The Partners in Housing program educated and trained approximately 30 Family Promise Affiliates on the benefits of using off-site built housing as an affordable option for stable housing.

Through the Housing Leadership program, Clayton donated five off-site built homes to Family Promise Affiliates that used the homes to provide housing solutions to families in need.

“When I first turned to Family Promise, I had recently lost my home. The transitional housing program gave my family a place to live while I worked on improving my finances,” said Misti Whitehead, Family Promise Program Graduate. “I never dreamed I would be a homeowner again, but with the help of transitional housing I was able to improve my credit score, put money into savings and now I live in my dream home.”

In 2020, the homes donated by Clayton were used for both permanent and transitional housing, serving families for decades to come. Transitional housing offers families who have graduated from Family Promise programs a temporary home solution while they prepare for permanent housing. Three of the five home donations were used as transitional housing in 2020.

“The addition of transitional housing to the home donation program is an exciting and impactful step in our partnership,” said Kevin Clayton, CEO of Clayton. “This will exponentially increase the number of families we are able to support across the country through our partnership with Family Promise.”

The partnership with Family Promise will continue and grow in 2021 for the third year.

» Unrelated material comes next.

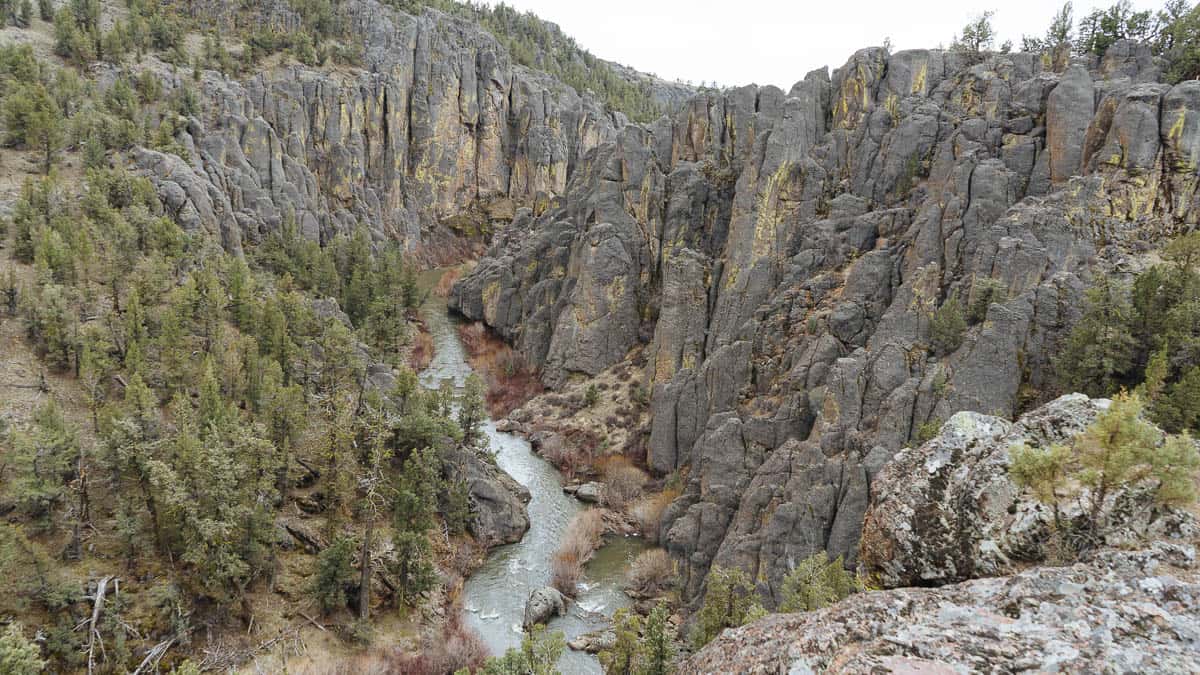 North Fork of the Owyhee River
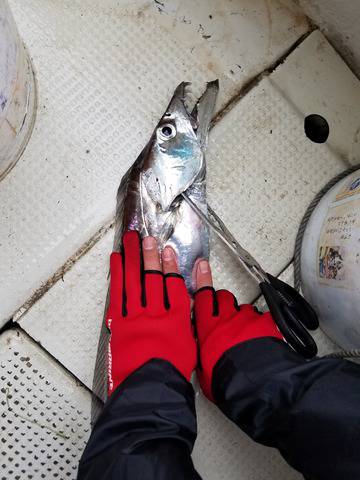 遊漁船 ニライカナイ 釣果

This year, the partnership aims to prevent more than 700 families with children from becoming homeless through prevention and diversion services.

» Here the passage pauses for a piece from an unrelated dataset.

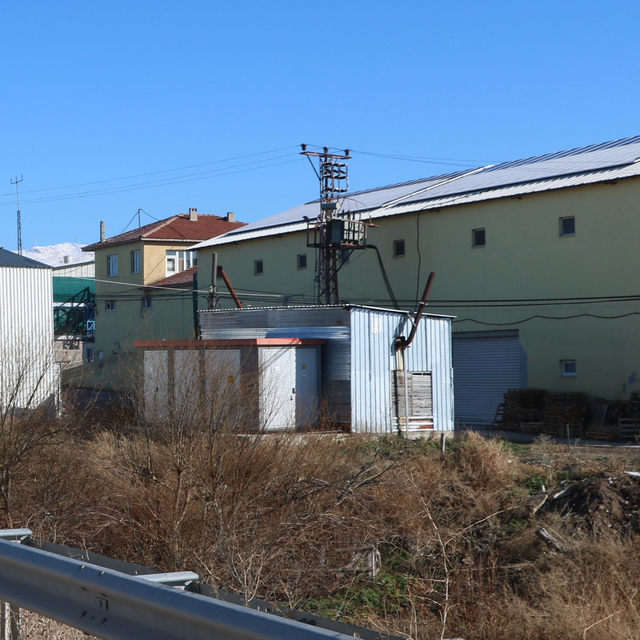 Afyonkarahisar'daki tavuk çiftliğinde kuş gribi tespit edildi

January 27, 2020 - Presbyterian churches promise to help families experiencing homelessness

Family Promise of Knoxville & Powell Presbyterian Church

Within the congregational network of Family Promise of Knoxville, Tennessee, is Powell Presbyterian Church, a small church that despite its size has had a big impact on the community.

Family Promise of Knoxville has served the community for 15 years. Powell has “been involved since the very beginning,” said Mary Thomson LeMense, executive director of Family Promise of Knoxville.

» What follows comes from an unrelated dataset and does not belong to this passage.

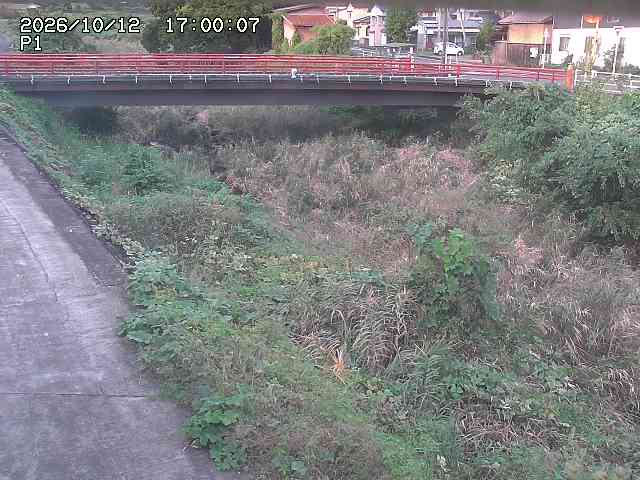 細見川１2026/10/13 14:30:00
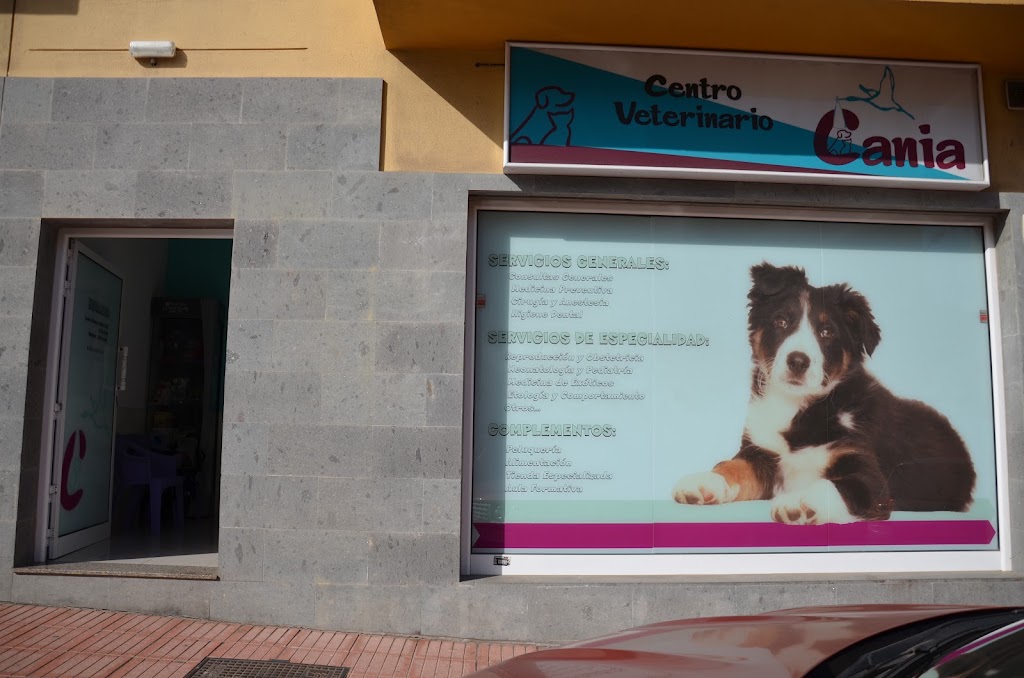 Centro Veterinario Cania — Del propietario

While Knoxville is the fourth largest city in Tennessee, LeMense says the community they serve is primarily rural. Knox County sits between Anderson and Blount Counties and many of the area’s employment opportunities are in neighboring Blount County.

She says that for families in the area her affiliate serves, transportation to and from work is a key issue. “Commuting costs so much that it often doesn’t work,” she said. “Having to depend on a vehicle for work is a major factor for homelessness in our community.”

The need for help is constantly growing, LeMense says: “At a minimum, we have about 80 families on our waiting list.”

“We are the only family shelter in the county and, with the exception of Family Promise of Blount County, in the surrounding counties.” So, support from congregations like Powell is crucial.

Powell Presbyterian Church only has about 90 members, but the group has not let its size stop them from getting involved. Pastor Katina Sharp says one of the defining aspects of the church is their involvement in the community. LeMense says that what makes them stand out to her is their willingness to use their resources to pitch in however they can.

“They literally give us every room they have to serve our families,” she said. “Overnight hosts spend the night in the pastor’s office.”

LeMense says that larger churches often will not participate because of busy schedules. Powell is an extremely active church, but devotes four weeks per year to Family Promise. “That just shows how strong their commitment is to help families experiencing homelessness,” she said. Sharp says that hosting for Family Promise can be work, but even small congregations have what it takes. “I hear churches say, ‘That’s a great organization and if we had more volunteers, if we had more space, if we had showers’ – and they insert many roadblocks – ‘we would do that.’ I think the biggest thing is even little churches can do it if it is a priority,” she said. “Yes, little churches can and are doing this just as effectively as the big churches are.”